Similar to the solution that the painter of the Brussels Life of Mary panel employed, many illuminators used silver foil in their manuscripts. Whereas silver foil was not much used on panel painting ‒ perhaps because it would tarnish very quickly ‒ book makers did apply silver, possibly because the book in its closed state would limit oxidation, at least temporarily. Silver foil is a solution for representing windowpanes in many fifteenth-century Delft manuscripts, such as one depicting the Pentecost, where the apostles and Mary are receiving the Holy Spirit in a church (fig. 2).10 The back wall of the chapel where the event takes place has two silver-foil windows, which the painter has further articulated with tracery. Whereas the regular windows are represented with silver, the radiance around the holy dove appears in gold, a higher-value metal that never tarnishes. Other illuminators experimented with silver, including an English painter who tried to represent the resurrected Christ bathed in light, depicted his body in silver (fig. 3).11 This silver, however, has oxidized, and the resurrected one now appears as a tarnished and solid lump rather than an ethereal hovering being. The experimental material has failed.

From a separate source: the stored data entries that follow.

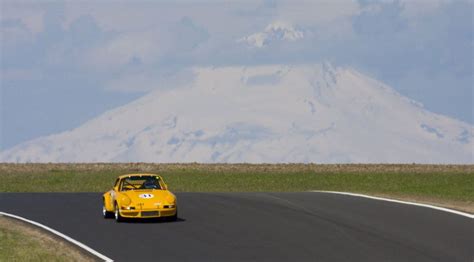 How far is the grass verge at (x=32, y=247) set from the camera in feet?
77.6

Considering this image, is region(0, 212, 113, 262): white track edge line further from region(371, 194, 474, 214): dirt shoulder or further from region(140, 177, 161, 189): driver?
region(371, 194, 474, 214): dirt shoulder

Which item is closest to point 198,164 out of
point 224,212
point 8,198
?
point 8,198

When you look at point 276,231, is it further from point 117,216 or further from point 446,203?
point 446,203

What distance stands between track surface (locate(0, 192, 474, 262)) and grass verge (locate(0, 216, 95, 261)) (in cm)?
64

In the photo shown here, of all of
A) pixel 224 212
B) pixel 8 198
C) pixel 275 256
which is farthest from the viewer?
pixel 8 198

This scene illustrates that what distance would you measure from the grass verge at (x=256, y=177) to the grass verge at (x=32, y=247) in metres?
21.0

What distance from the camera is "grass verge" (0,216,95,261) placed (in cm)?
2366

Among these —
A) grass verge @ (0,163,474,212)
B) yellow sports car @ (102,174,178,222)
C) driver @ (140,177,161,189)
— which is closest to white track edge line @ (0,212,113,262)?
yellow sports car @ (102,174,178,222)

Making things out of parchment

Manuscript illuminators played at the outer boundaries of materials’ possibilities, and parchment was one of the most flexible of those materials ‒ in both a literal and figurative sense. Parchment has a number of qualities that made it useful for certain skeuomorphs in the middle ages: it was relatively inexpensive and abundant across the meat-eating world; it is strong enough to withstand burnishing; it takes paint well, without drinking it; one can cut it into any shape; it does not fray; and it has the structural integrity to lie flat. It differs from panel in significant ways. Whereas Jan van Eyck could paint the wooden frame around his ‘Leal souvenir’ portrait (London, National Gallery) so that the viewer might expect the frame to feel like porphyry, a manuscript painter would have a more difficult task creating a fictive frame.12 This is because the illumination is always in the context of a book, where the parchment folds around the curving book block. That said, a fictive frame might be an easier trick to pull off than the illusion of figures populating a space inside a frame, because the fictive frame painter does not have to represent fictive space, but only to represent another material. One might reach out to touch the Leal souvenir portrait and expect the surface to feel cold and petrified, that is, to think that it’s porphyry and then be surprised to discover by its temperature that it is actually painted wood. Representing a porphyry slab at the bottom of a panel painting could be considered an extension of architectural skeuomorphism.13

Nevertheless, some illuminators even attempted to lend parchment the quality of a solid mass. For example, a French illuminator played with the construction of a fictive material in a full-page design depicting St John on Patmos in a frame (fig. 4). That fictive recession into depth is a different ontological level from the frame itself: the latter is painted in shell gold, the same paint one might use to paint an actual frame. This shell gold provides the visual aspic for the gems and jewels ornamenting its periphery. Not only was the medium of metallic and non-metallic paint on parchment cheaper than jewels and jeweller’s gold, but the former can be closed into a book.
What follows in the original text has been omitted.